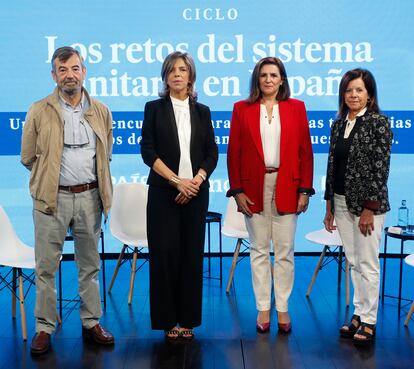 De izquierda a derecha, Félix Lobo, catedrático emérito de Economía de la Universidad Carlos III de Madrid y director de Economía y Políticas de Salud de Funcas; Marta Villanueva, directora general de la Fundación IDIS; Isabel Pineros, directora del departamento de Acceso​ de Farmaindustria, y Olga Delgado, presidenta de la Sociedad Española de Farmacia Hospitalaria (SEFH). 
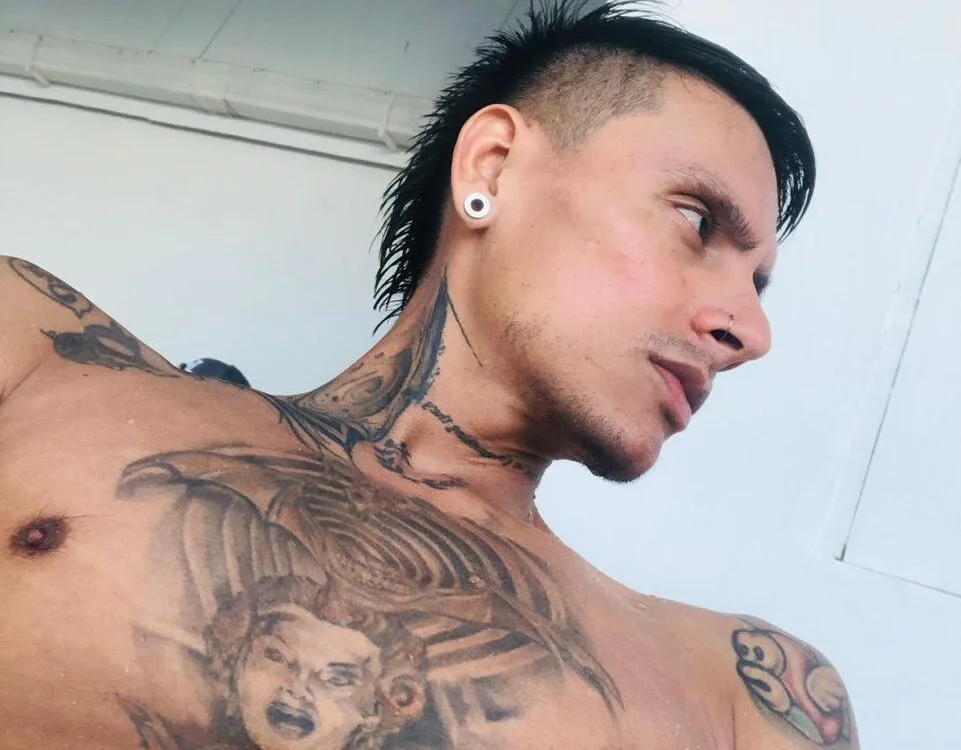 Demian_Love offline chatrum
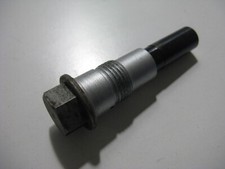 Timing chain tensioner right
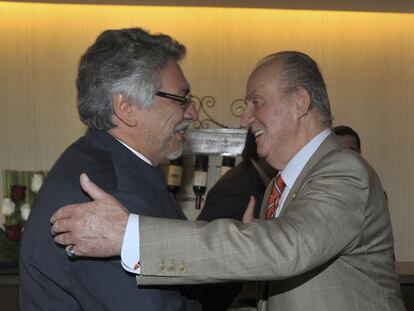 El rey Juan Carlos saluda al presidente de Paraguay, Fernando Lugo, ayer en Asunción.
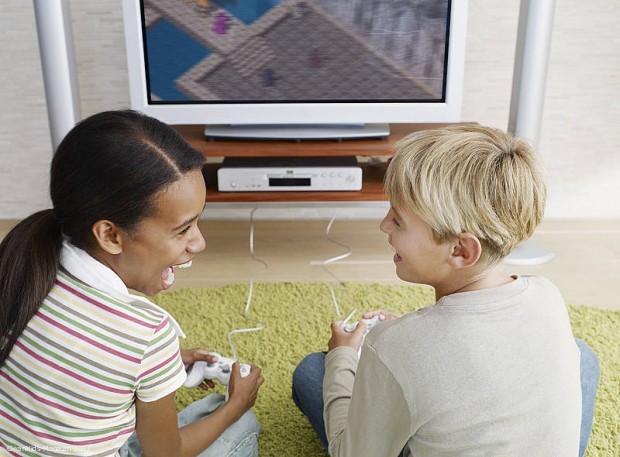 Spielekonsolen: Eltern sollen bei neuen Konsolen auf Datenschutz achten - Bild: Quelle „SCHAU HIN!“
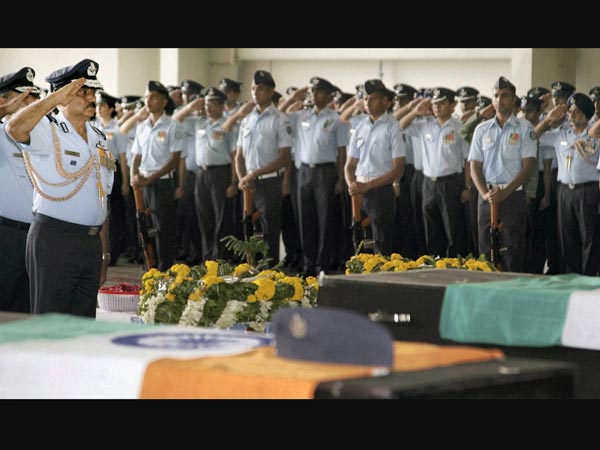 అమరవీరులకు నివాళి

****

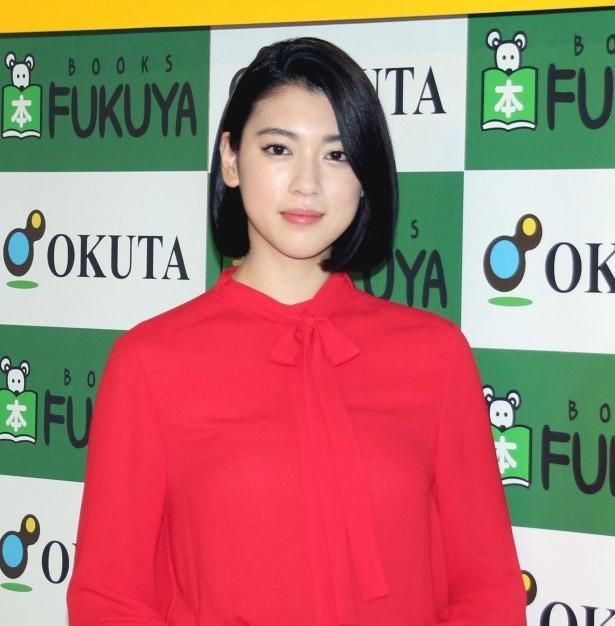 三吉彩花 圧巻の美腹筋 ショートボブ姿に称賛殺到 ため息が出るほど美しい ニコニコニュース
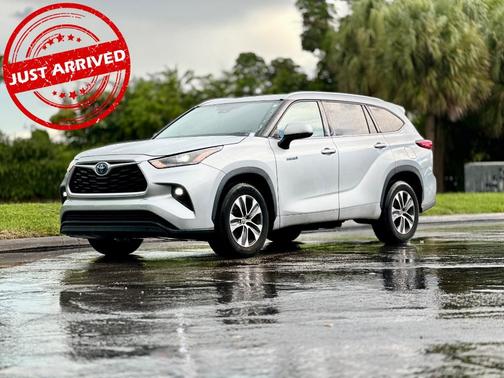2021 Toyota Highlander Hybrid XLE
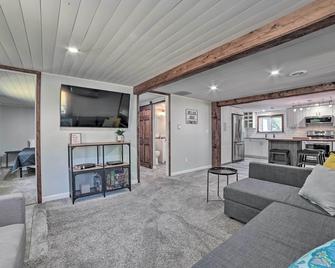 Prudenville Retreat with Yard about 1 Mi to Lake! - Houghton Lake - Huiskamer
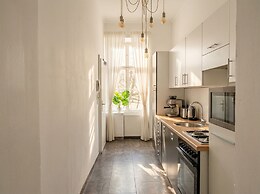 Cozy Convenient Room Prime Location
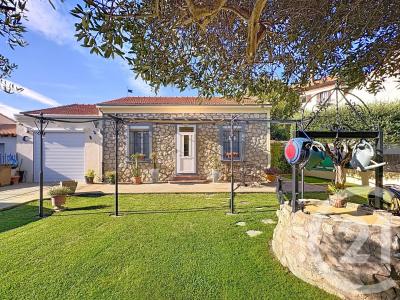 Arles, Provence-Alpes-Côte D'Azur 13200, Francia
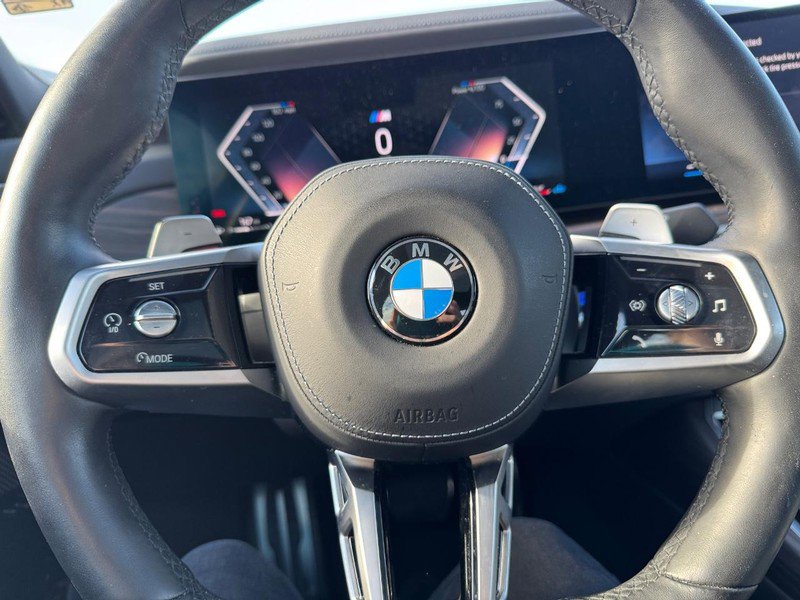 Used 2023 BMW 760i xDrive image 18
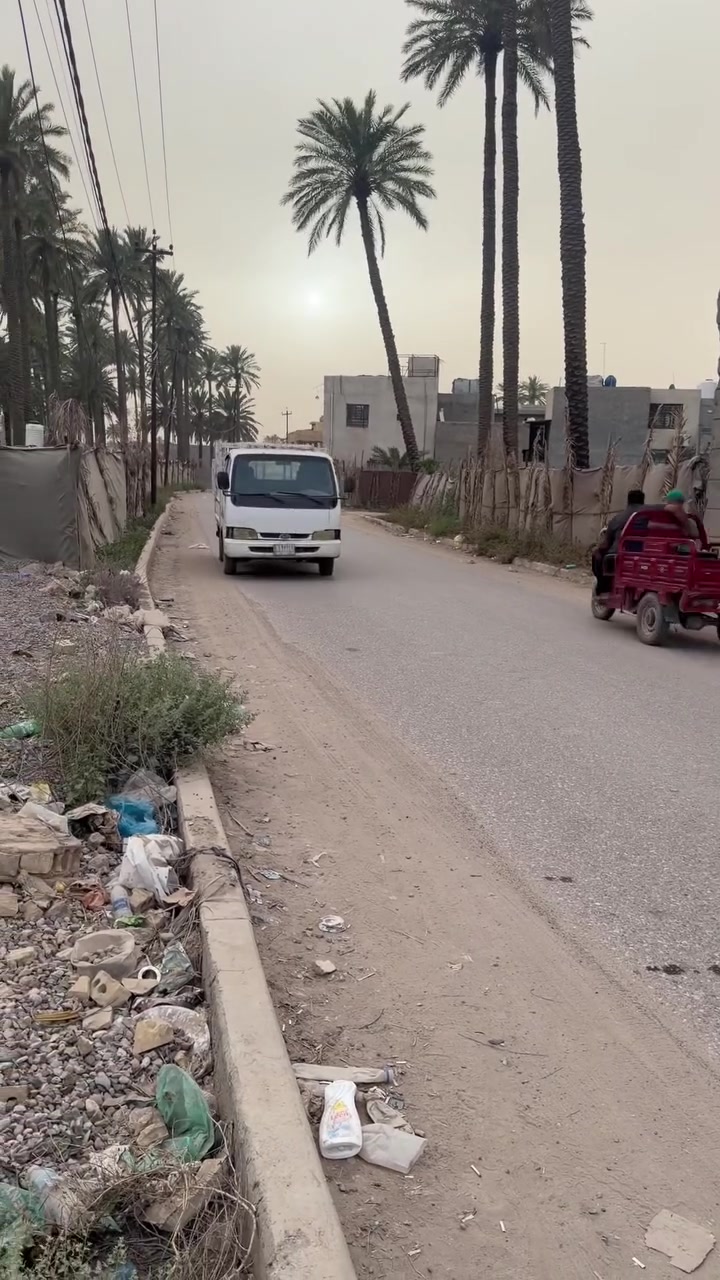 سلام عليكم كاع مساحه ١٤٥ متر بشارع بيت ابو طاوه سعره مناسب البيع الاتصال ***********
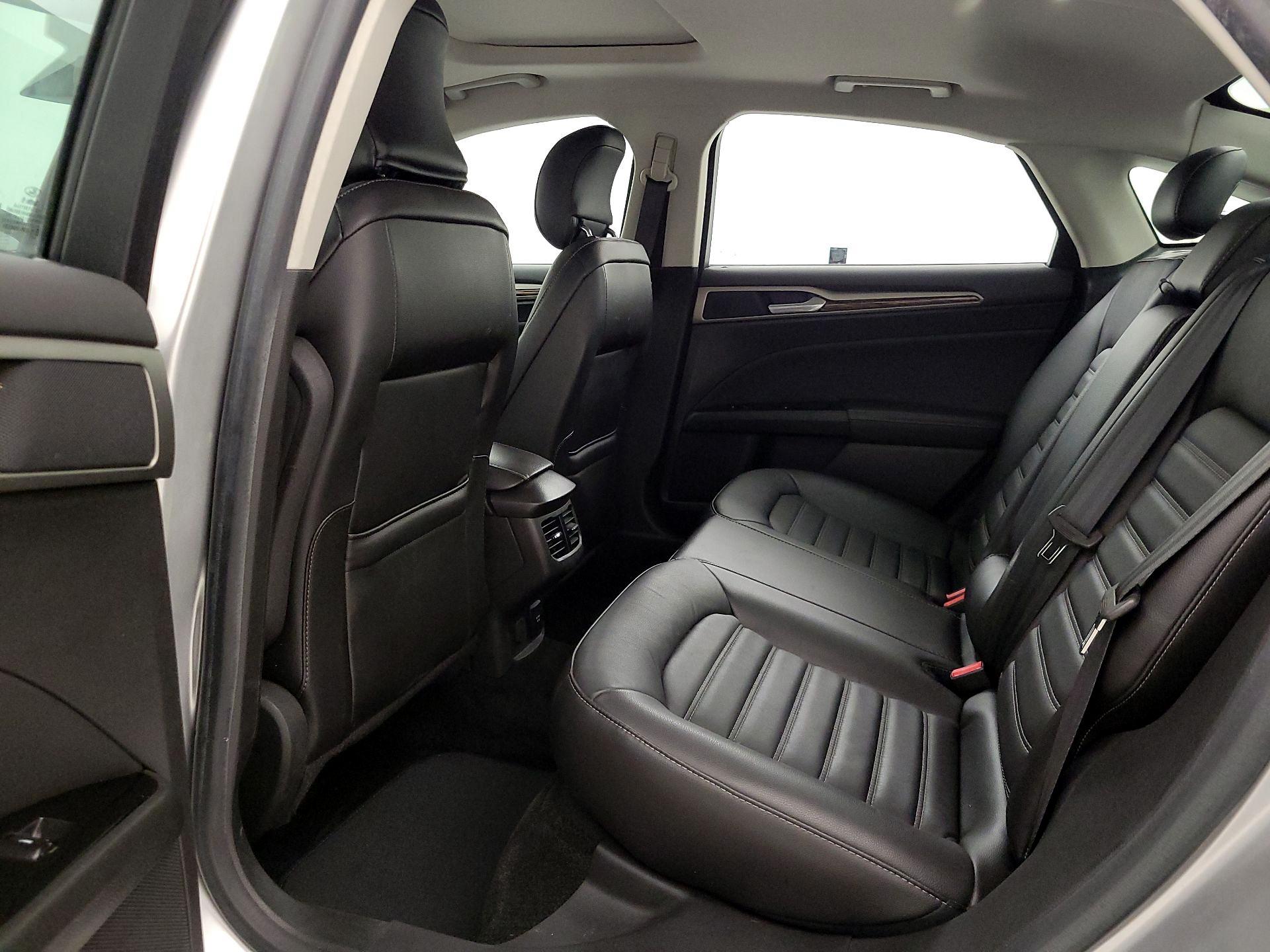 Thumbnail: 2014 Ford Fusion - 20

****

◆ TASK REQUIREMENTS: Give back, exactly and without pictures, the stretch of the records above from the line containing "2021 Toyota Highlander Hybrid XLE" through the line containing "Thumbnail: 2014 Ford Fusion - 20", with both end lines included.

◆ WRITTEN ANSWER:
2021 Toyota Highlander Hybrid XLE
 Prudenville Retreat with Yard about 1 Mi to Lake! - Houghton Lake - Huiskamer
 Cozy Convenient Room Prime Location
 Arles, Provence-Alpes-Côte D'Azur 13200, Francia
 Used 2023 BMW 760i xDrive image 18
 سلام عليكم كاع مساحه ١٤٥ متر بشارع بيت ابو طاوه سعره مناسب البيع الاتصال ***********
 Thumbnail: 2014 Ford Fusion - 20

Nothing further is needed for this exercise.